## Action item
When you reach the line containing "Ladies Gold Chaine" in the records below, start copying exactly, and stop once you have copied the line containing "Spitfire The History".

## Records for processing
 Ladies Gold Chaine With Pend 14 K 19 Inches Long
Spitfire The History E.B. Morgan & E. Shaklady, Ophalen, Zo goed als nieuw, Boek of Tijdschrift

--

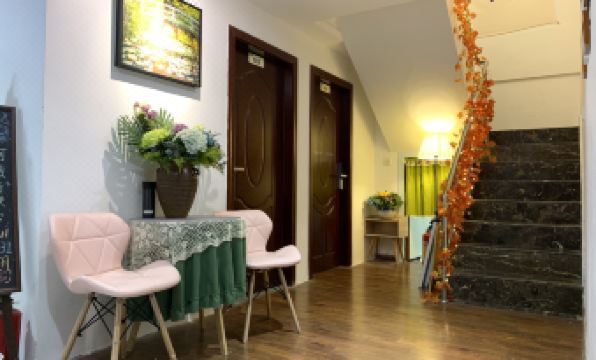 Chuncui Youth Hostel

## Result for this task
 Ladies Gold Chaine With Pend 14 K 19 Inches Long
Spitfire The History E.B. Morgan & E. Shaklady, Ophalen, Zo goed als nieuw, Boek of Tijdschrift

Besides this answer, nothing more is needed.